=== Task requirements ===
An exact transcription is needed, beginning at the line with "So I can tell" and ending at the last line of the listing, with pictures left out and nothing else added.

=== Data extract ===
——
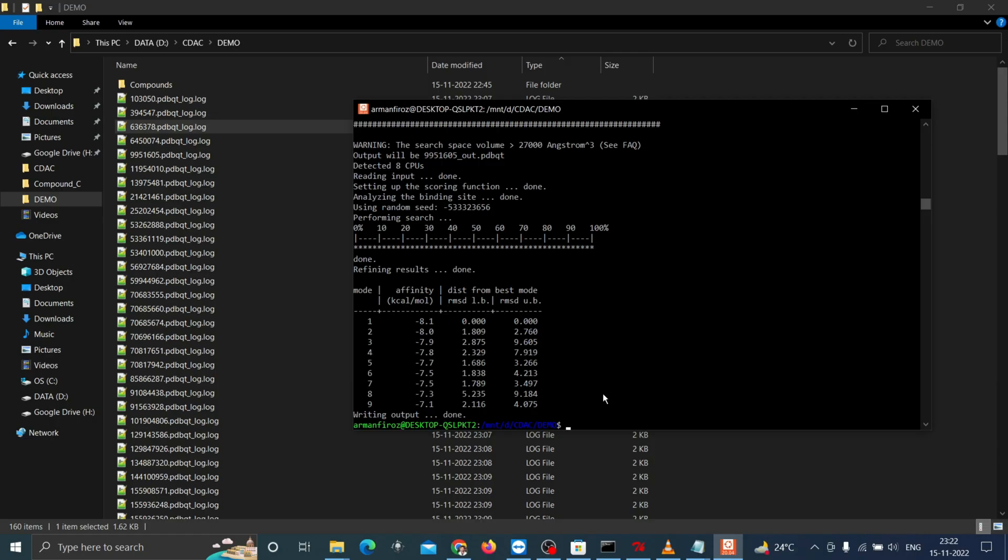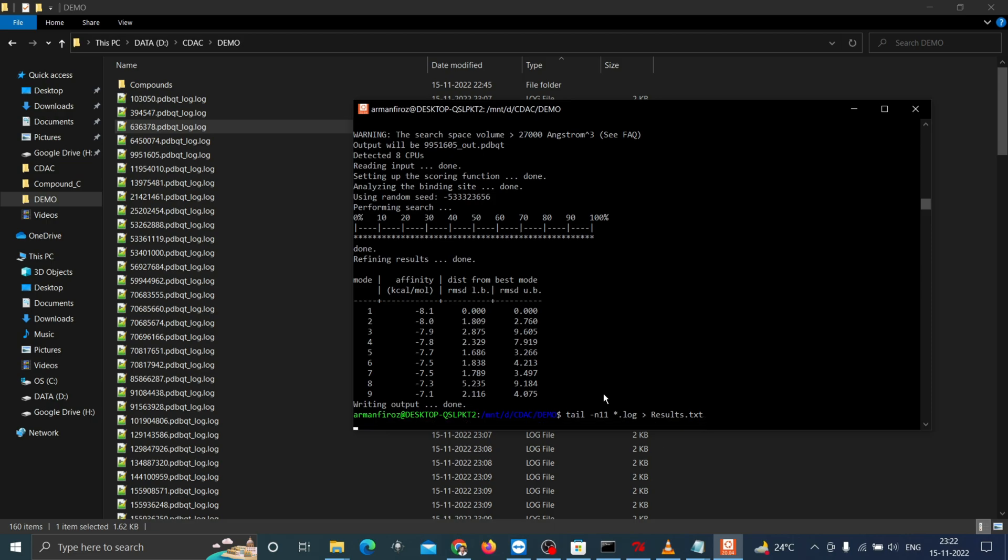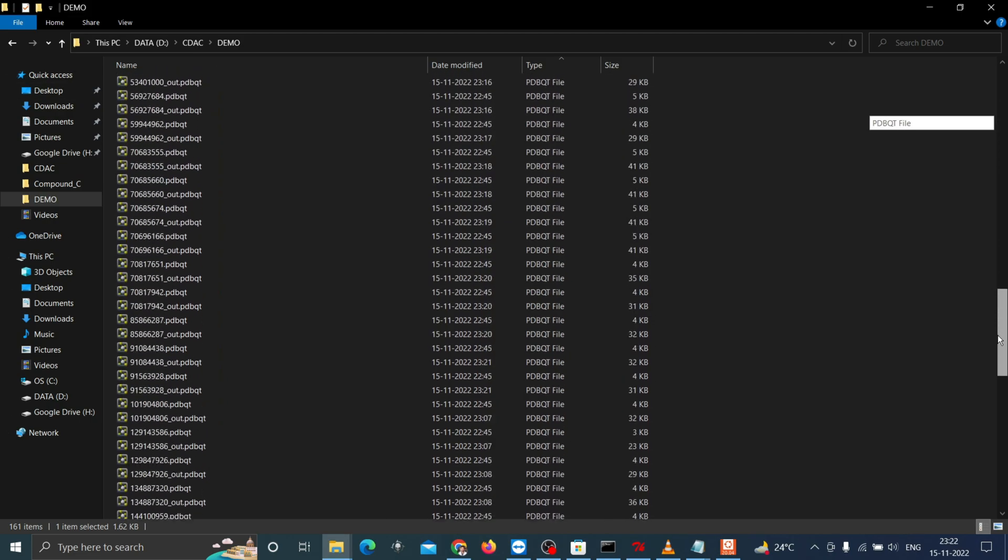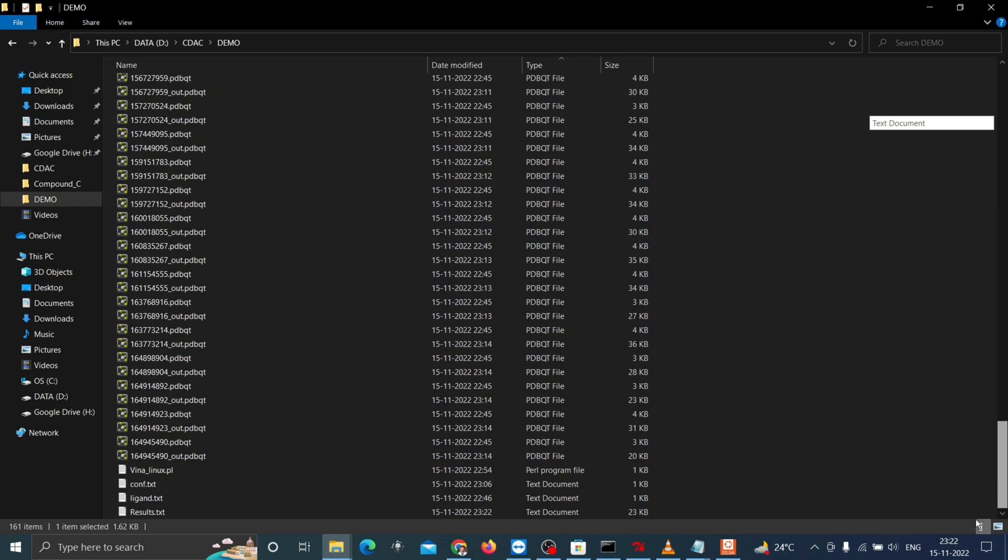Type tail -n 11 *.log > results.txt and press enter. This code is copying and compiling the last 10 to 11 lines from every log file into a text file called results.txt.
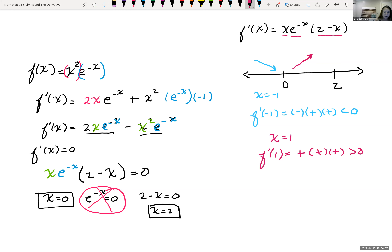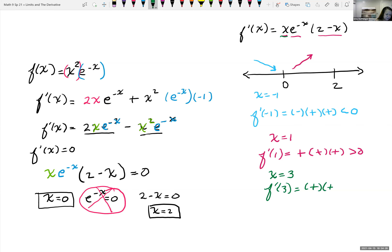So I can tell we have a minimum at x equals zero. Let's also look at what's happening on the other side of two — choosing x equals three: three is positive, e to the negative three is positive, and 2 minus 3 is negative, so this is less than zero, meaning the function is decreasing. So we have a maximum occurring at x equals two.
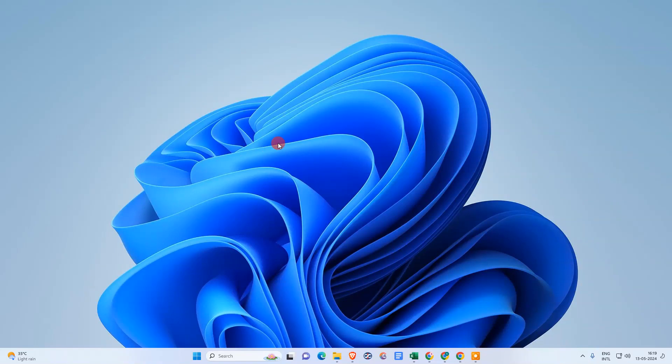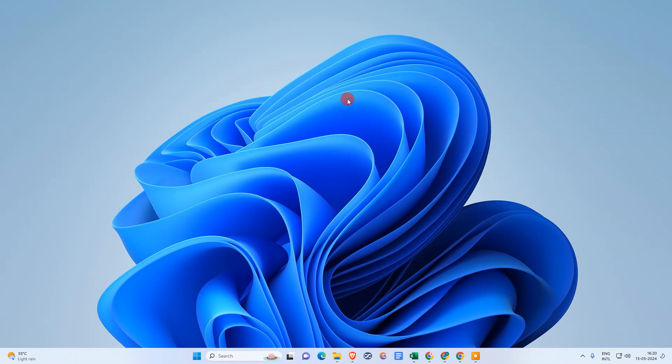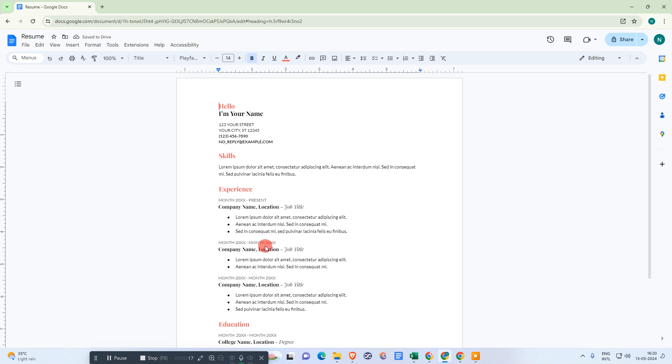How to turn off Google Docs suggestions, or spelling mistake suggestions. Before we start, if you like this video, hit the like button, subscribe to my channel, and don't forget to comment below. Let me open Google Docs. Here we are, this is my Google Docs.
——
=== Task result ===
So I can tell we have a minimum at x equals zero. Let's also look at what's happening on the other side of two — choosing x equals three: three is positive, e to the negative three is positive, and 2 minus 3 is negative, so this is less than zero, meaning the function is decreasing. So we have a maximum occurring at x equals two.
How to turn off Google Docs suggestions, or spelling mistake suggestions. Before we start, if you like this video, hit the like button, subscribe to my channel, and don't forget to comment below. Let me open Google Docs. Here we are, this is my Google Docs.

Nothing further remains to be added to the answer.